Brett Marz has plenty of elbow room these days probably too much.
As owner of Bamko, a manufacturing and marketing consulting firm, he and several employees have been occupying a 7,200-square-foot showroom at the California Market Center.
The firm needs plenty of space to develop marketing plans for clients’ products, ranging from stuffed animals to toy figurines. And for the past two months Bamko has had it as the only tenant on the 10th floor of the downtown L.A. fashion mart.
“We’re the lonely rangers around here,” said Marz, a 27-year-old entrepreneur who got his start in 1999 making custom T-shirts for USC fraternities.
Marz wouldn’t have felt that way just a few years ago. In fact, the empty corridors at the 3 million square foot market center are a fairly recent phenomenon, reflecting the collapse of the housing market.
The 110 E. Ninth St. building, in the heart of the Fashion District, has long been a leading showcase for apparel manufacturers to display their wares to boutique and chain store buyers. But seven years ago as the housing market heated up, the market’s then-owner Hertz Investment Group decided to expand into gifts and home furnishings.
It seemed like a great idea at the time, and at the height of the housing boom a few years ago as many as 600 home furnishing and gift manufacturers were leasing individual showrooms in Tower C, one of the market’s three towers.
But with the recession and the housing bust reducing home furnishing sales about 20 percent and shutting down thousands of retailers nationwide, Tower C has been hit hard: There are only about 200 gift and home tenants left.
“We have a massive building with lots of empty space,” said Deborah Levine, a spokeswoman for Jamison Group, the L.A. company that bought the mart in 2005.
The California Market Center is not the only showroom in town hit hard by the recession and housing bust. There’s also LA Mart, a wholesale gift and home furnishings center with 200 showrooms on South Broadway.
The mart has competed with the California Market Center and admits losing tenants, but would not disclose its vacancy rate.
“There’ve been a number of bankruptcies and consolidations which means that our anchors have changed,” said Joan Ulrich, senior vice president for Merchandise Mart Properties Inc., the Chicago firm that owns and manages the property, also in downtown but outside the Fashion District.
However, with about half of the market center’s 724,000 square feet of space devoted to gifts, she said, tenants have been somewhat easier to replace than in the furnishing industry.
“We probably have more vacancies right now than we have in recent years, but, thankfully, it’s a relatively easy field to enter and new resources are coming in all the time,” Ulrich said.
The Pacific Design Center, the leading interior design showroom on the West Coast, claims not to have lost any tenants at its 130 showrooms.
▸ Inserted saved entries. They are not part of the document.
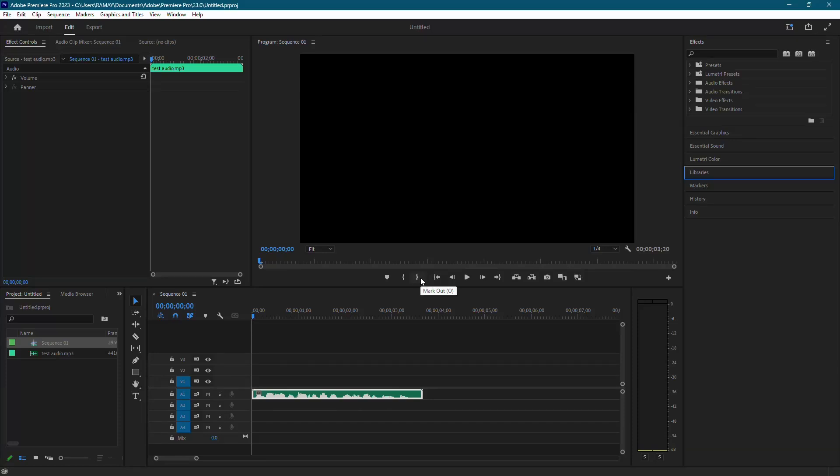Welcome back to the channel. In this tutorial, I'm going to show you how to make a voice deeper in Adobe Premiere Pro. Let's get started.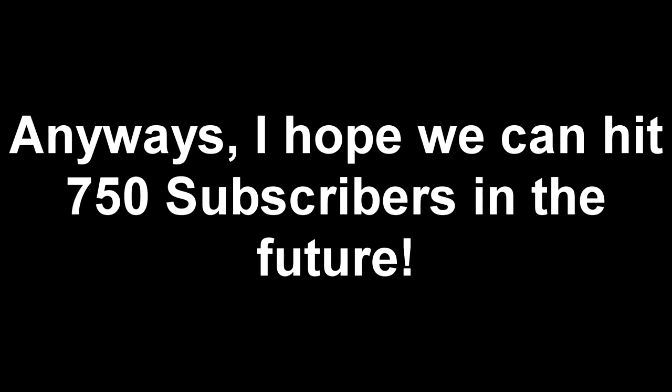Anyways, I hope we can hit 750 subscribers in the future. By the way, you can join my Discord server—the link is in the description. Now I wish to say bye and good day to everyone.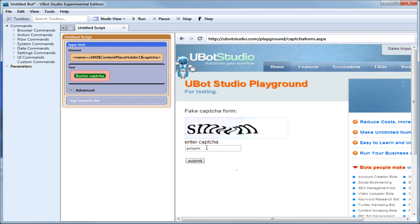And that's it for this tutorial. As you can see, we've created functions in uBot Studio to make your life easier as an internet marketer and web automator. There's a lot of stuff in here to make your automating adventures easier. Thank you for watching and we'll see you next time.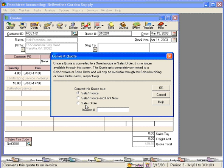Now let's convert this one to a sales order. You can see, once I clicked on that, Peachtree generated a sales order number automatically for me. Peachtree keeps track of this number series and generates the next available number.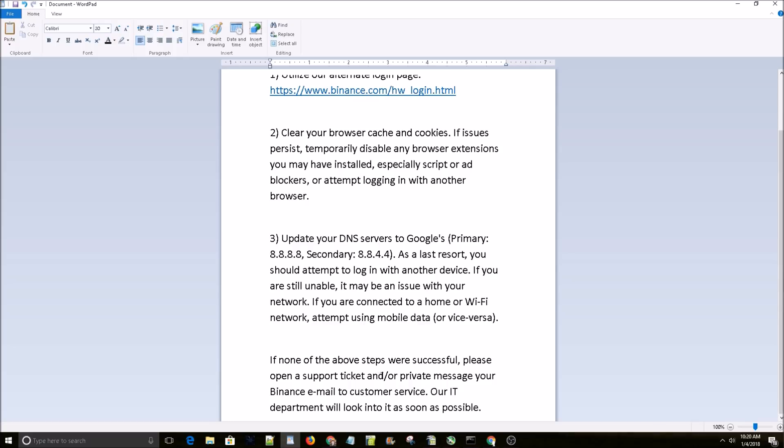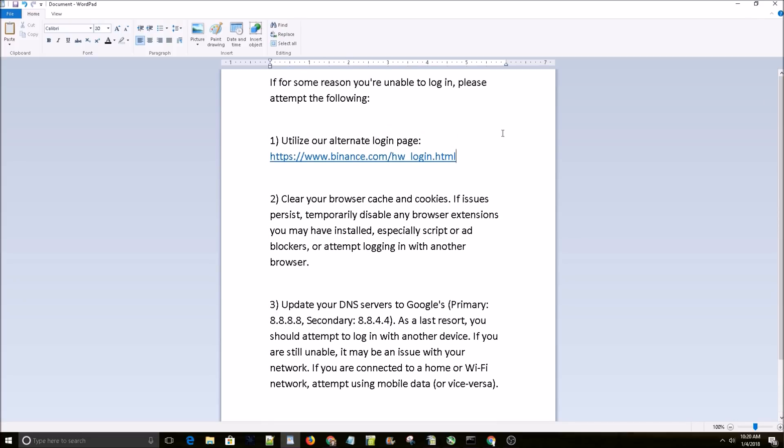If you're having trouble logging into Binance, go ahead and give this a try. Try logging in through this link. It worked for me, hopefully it'll work for you. I think Binance is still just ironing out some of the bugs they have after their upgrade. That's it guys.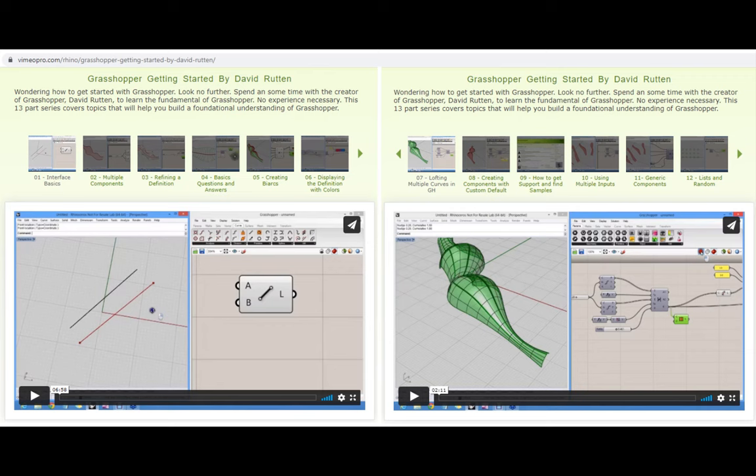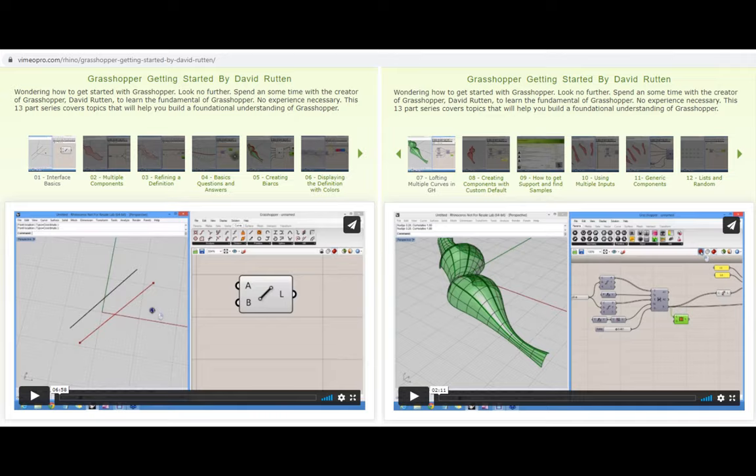An excellent start point is to go through David Rutten's Getting Started material. He is the author of Grasshopper. There are also excellent manuals and guides to help you understand scripting logic and geometry to help you take your skills to the next level.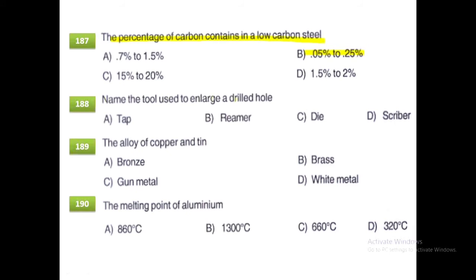The tool used to enlarge a drilled hole is a reamer. There are various tool options: if we tap the tool, we use a tap or die in the area of casting or punching. A scriber is a hand tool used for marking lines and points on a metal surface.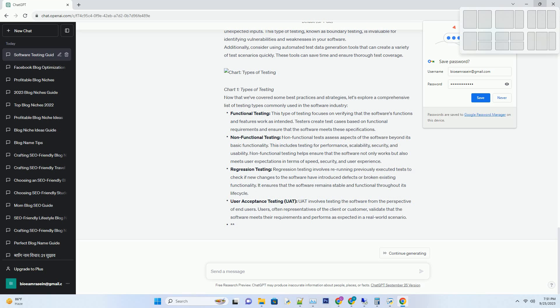Selenium also integrates seamlessly with popular testing frameworks like JUnit and TestNG. With Selenium, you can create robust and reusable test scripts that help you catch regressions and ensure your web application delivers a smooth user experience.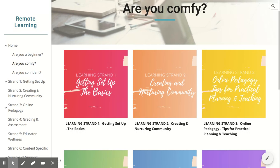Strand 2, Creating a Nurturing Community, goes over how to meet the social-emotional needs of your learners and foster online community with empathy and compassion. Strand 3, Online Pedagogy, discusses how to elevate student voice and choice, support diverse learners, and engage learners with on- and offline experiences.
However, the 1.2 million-square-foot West Hollywood facility has felt the downturn.
“Our vendors are doing fine, though, obviously, some better than others,” said marketing director Ellen Rubin, who attributed the center’s relative well-being to its high-end wholesalers, which serve “a certain higher echelon end user.”
Indeed, the fact that the California Market Center’s expansion into gifts and home furnishing has been hit hard did not surprise industry officials and rivals.
“Basically, they are a fashion wholesale building and that’s been their root,” said LA Mart’s Ulrich. “Most people think of the California Market Center as serving the fashion industry; when you think of gifts, you don’t think of them.”
Kent Smith, executive director of the Los Angeles Fashion District, the area’s business improvement district, agreed with that assessment, calling the center’s adventure in gifts and home furnishings “an excursion” that didn’t pan out.
“It was a bold move at the time,” he said, “but time and the economy has shown that it just wasn’t right.”
New tenants
The Jamison Group has attempted to replace its lost tenants with an aggressive search for new ones. But so far only three have leased space.
There is Pansun, a sportswear company, on the 11th floor; Marz’s Bamko one floor below; and Fashion Business Inc., a non-profit offering educational fashion-industry workshops, training and seminars on the seventh floor.
“We needed a larger space. We love the openness,” said Fashion Business owner Frances Harder, whose 7,000-square-foot suite includes offices, meeting rooms and a large computer learning lab. “I’ve been in this industry for 24 years and this building has been its heart.”
Levine of Jamison Group wouldn’t say how much of the 252,000-square-foot Tower C is still up for grabs, nor the current asking rents. But she said Jamison is negotiating with potential new tenants, not all of whom are clothing wholesalers.
“We’ve found an interest among current fashion tenants for outside services, as well as outside services that want to be close to our existing tenants,” she said.
She places both marketer Bamko and professional education services firm Fashion Business in that category.
“It’s a shift,” Levine said, “that we think will be productive.”